Closed toothrot closed 1 year ago
The state of support for virtualization of darwin/arm64 is poor. There is no solution in the near future for hosting a Mac VM on ARM64 in our current environment (VMWare on MacStadium) or in our qemu-hvm environments. This is due to a number of issues, not limited to the fact that darwin/arm64 uses an iOS like boot-process instead of a typical PC boot process.
However, the AWS buildlets may work well for us. The workflow of creating a macOS instance on AWS is roughly:
This comes with some caveats. After an instance is stopped, the Dedicated Host is apparently re-imaged by AWS (in a "Pending" state for about an hour). This means, an instance per-buildlet is prohibitively expensive at our volume, as a downtime of an hour between builds would necessitate a very large pool of Dedicated Hosts for our hundreds of darwin builds per day that we do.
We could avoid some of the re-image downtime issue by re-using instances between builds. This has a bit of an issue with keeping environments pristine, but we may be able to automate some of that away with APFS filesystem snapshots, and retiring the instances on some interval.
Finally, for releaselets, we could ensure that we always use a fresh VM that hasn't been tainted by previous builds running on it.
This is less featureful than our always-fresh image approach that we have on MacStadium / VMWare, but it would allow for a somewhat-clean environment for our darwin/ARM64 builders without too much overhead.
Finally, this approach could be re-used for all of our mac builders. This would have a massive benefit of reducing the effort needed to build and maintain new macOS images for each release, which has now doubled with two processor architectures. Our existing approach for AWS AMIs using Packer should work nicely in this scenario.

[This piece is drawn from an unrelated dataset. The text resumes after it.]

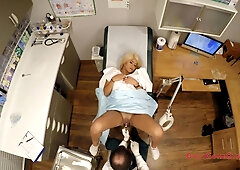 Tampa University Entrance Physical - Alexandria Jane - Of 3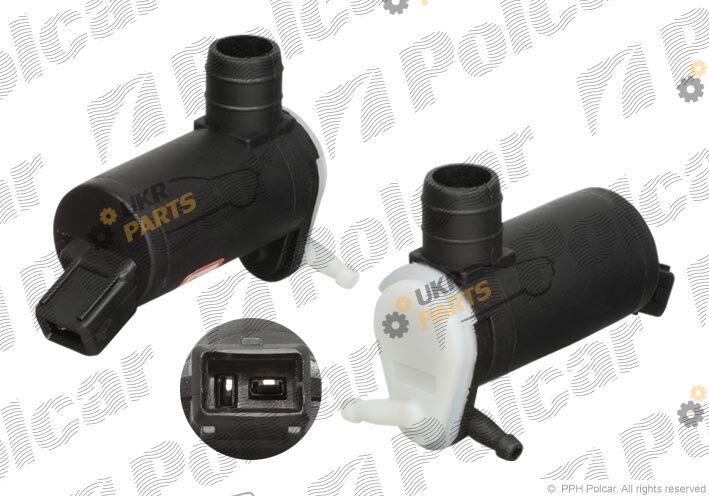 Насос омывателя Polcar 3201PS-1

Documentation on automatic Dedicated Host provisioning and Releasing: https://docs.aws.amazon.com/license-manager/latest/userguide/host-resource-groups.html
I'm starting prototyping with this testing out AWS Mac instances, first by creating some standard reverse builders.

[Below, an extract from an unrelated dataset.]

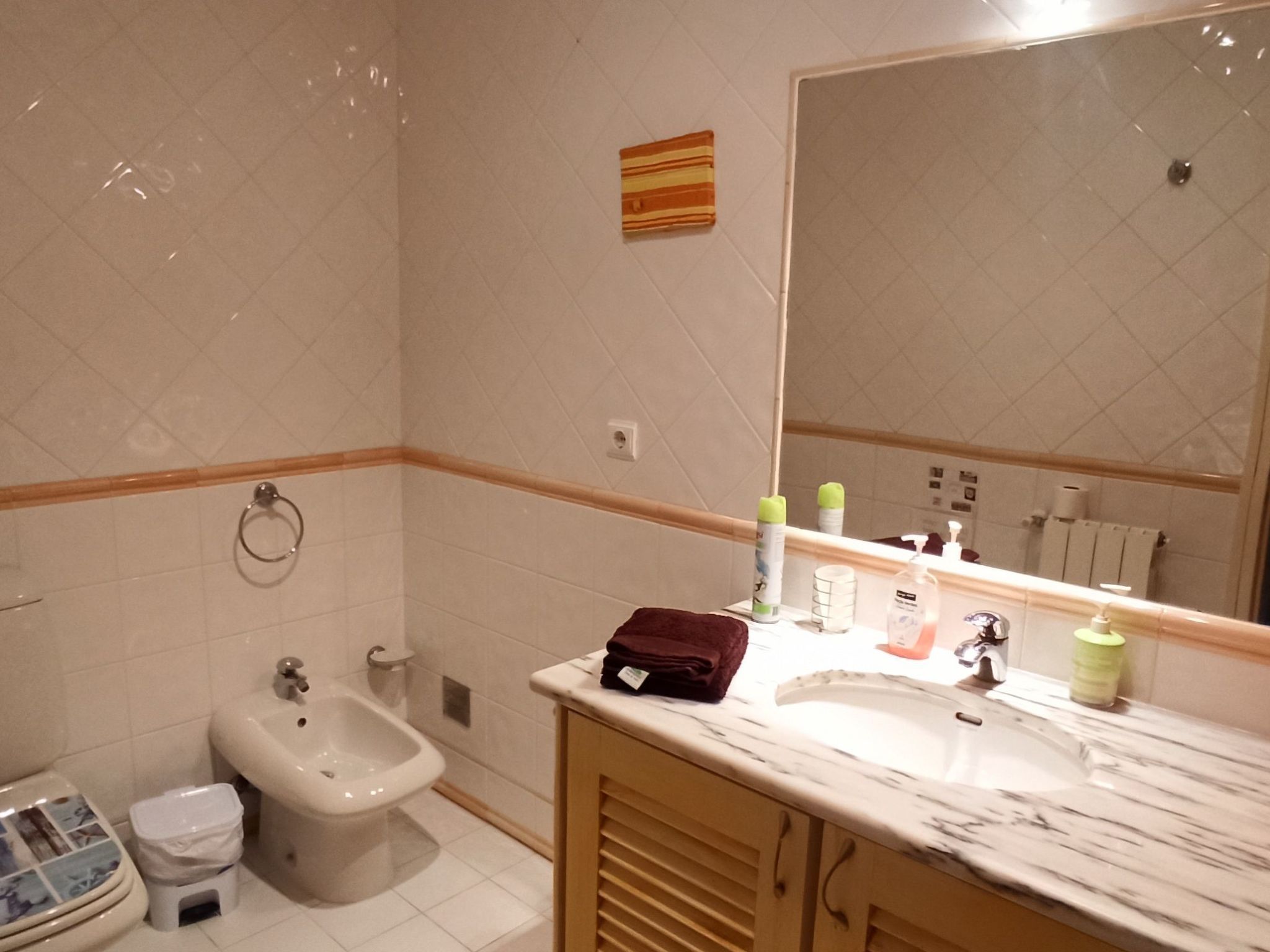 "Villa Miravilhas" - Dedans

https://go.dev/cl/430696 added an AWS darwin-amd64 reverse builder (darwin-amd64-12-aws
), which I've set up manually with a launchd service.

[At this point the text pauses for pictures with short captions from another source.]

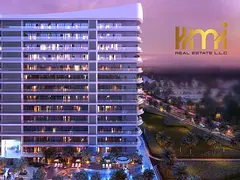 Modern Living | Premium Amenities | Road Facing
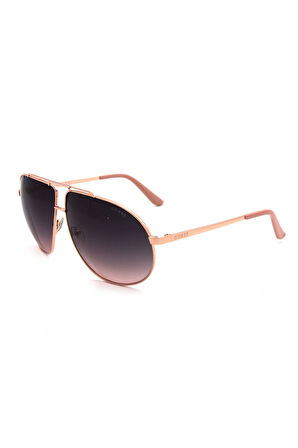 GUESS GU 5208 28B UNISEX GÜNEŞ GÖZLÜĞÜ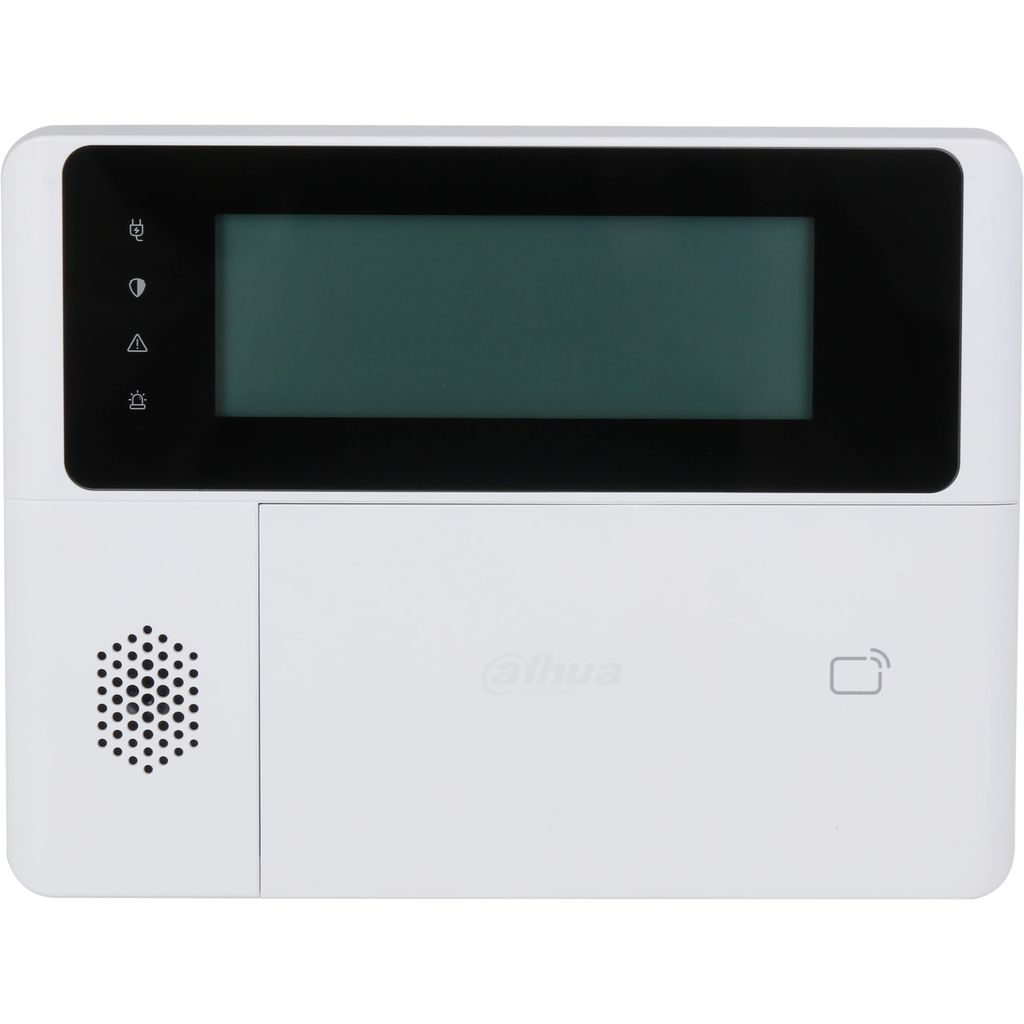 Панель контрольная DHI-ARK30C-RW2(868)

It actually almost "just works". All of the x/ repos seem to be passing. The main Go repo fails on a specific test, os/signal.TestDetectNohup
and TestNohup
: https://build.golang.org/log/bee053b56d2f0d612725e4427f5640cdad5cad34
This failure is oddly specific: the system /usr/bin/nohup binary is unhappy. We've had this issue before in #5135 inside of tmux. This is also a common problem online, though frustratingly I have yet to find a concrete description of the problem, just workarounds.
One mention is that sshd must have PAM enabled. The AWS sshd config does indeed disable PAM, so that may be related. (Though my launchd service isn't run through ssh, so it isn't clear how that is related).
I'm going to investigate running QEMU on these instances, so I'll pause investigation into os/signal
for now, since it may just not be an issue in QEMU guests.
Change https://go.dev/cl/432115 mentions this issue: cmd/buildet: allow halt of macOS QEMU VMs
Change https://go.dev/cl/432396 mentions this issue: dashboard: increase hast-darwin-amd64-12-aws count
Change https://go.dev/cl/432395 mentions this issue: env/darwin: AWS darwin instances
We now have three hosts running six reverse builder VMs fully set up and (almost) ready.
There is one failing test (https://build.golang.org/log/c40b5c45d0dc28318fd9ad0149efddfe39ff27d7) because an extra deprecation warning printed by bash.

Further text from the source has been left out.